Comparing the effects of reflexology methods and Ibuprofen administration on dysmenorrhea in female students of Isfahan University of Medical Sciences

Iran J Nurs Midwifery Res. 2010 Dec;15(Suppl 1):371-8.


Background: Dysmenorrhea or menstrual pain is one of the most common disorders experienced by 50% of women in their reproductive age. Adverse effects of medical treatments and its failure rate of 20-25% have caused many women to seek other complementary and alternative treatment methods for primary dysmenorrhea. Hence, this study aimed to compare and determine the efficacy of reflexology and Ibuprofen on reduction of pain intensity and duration of menstrual pain.

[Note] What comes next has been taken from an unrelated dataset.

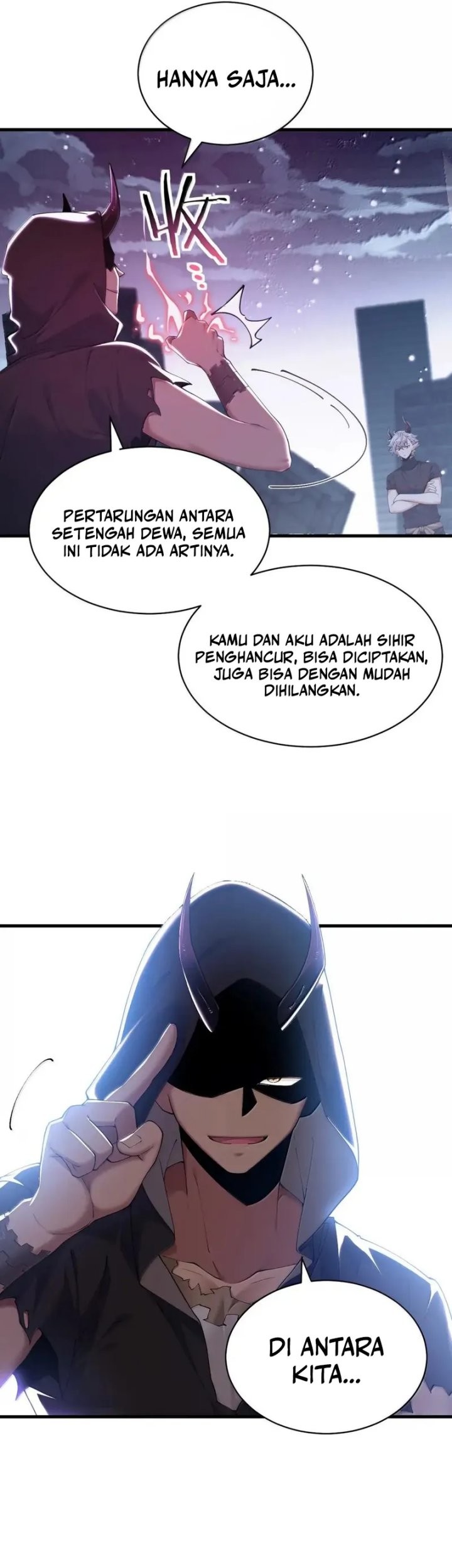 I Transmigrated Into Demon King Of Harem? Chapter 116 Gambar 28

Methods: This was a quasi-experimental clinical trial study on 68 students with primary dysmenorrhea living in Isfahan University of Medical Sciences' dormitories. Simple random sampling was done considering the inclusion criteria and then the students were randomly divided into two groups. In the reflexology group, the subjects received 10 reflexology sessions (40 minutes each) in two consecutive mense cycles. The Ibuprofen group received Ibuprofen (400 mg), once every eight hours for 3 days during 3 consecutive mense cycles. To assess the severity of dysmenorrhea, Standard McGill Pain Questionnaire, visual analog scale (VAS) and pain rating index (PRI) were used in this study.

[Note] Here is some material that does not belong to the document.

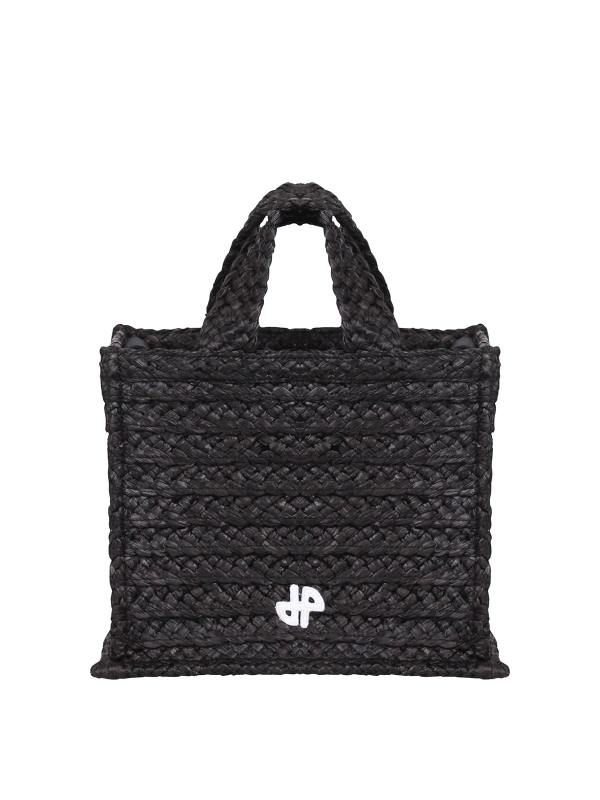 Patou Sac Bandoulière - Noir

Results: Findings of the study showed that the two groups had no statistically significant difference in terms of demographic characteristics (p > 0.05). Reflexology method was associated with more reduction of intensity and duration of menstrual pain in comparison with Ibuprofen therapy. Independent and Paired t-test showed that there was a significant difference in the two groups between intensity and duration of menstrual pain using VAS and PRI in each of the 3 cycles between reflexology and Ibuprofen groups (p < 0.05).

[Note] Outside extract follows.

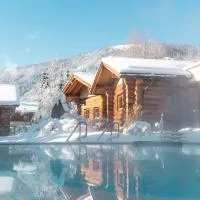 DAS RONACHER Thermal Spa Hotel, hôtel à Bad Kleinkirchheim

Conclusions: Considering the results of the study, reflexology was superior to Ibuprofen on reducing dysmenorrhea and its treatment effect continued even after discontinuing the intervention in the third cycle. Therefore, considering that reflexology is a non-invasive, easy and cheap technique, it seems that it can replace anti-inflammatory drugs (NSAIDs) to avoid their adverse side effects.

Keywords: McGill pain questionnaire scale; Primary dysmenorrhea; ibuprofen; reflexology.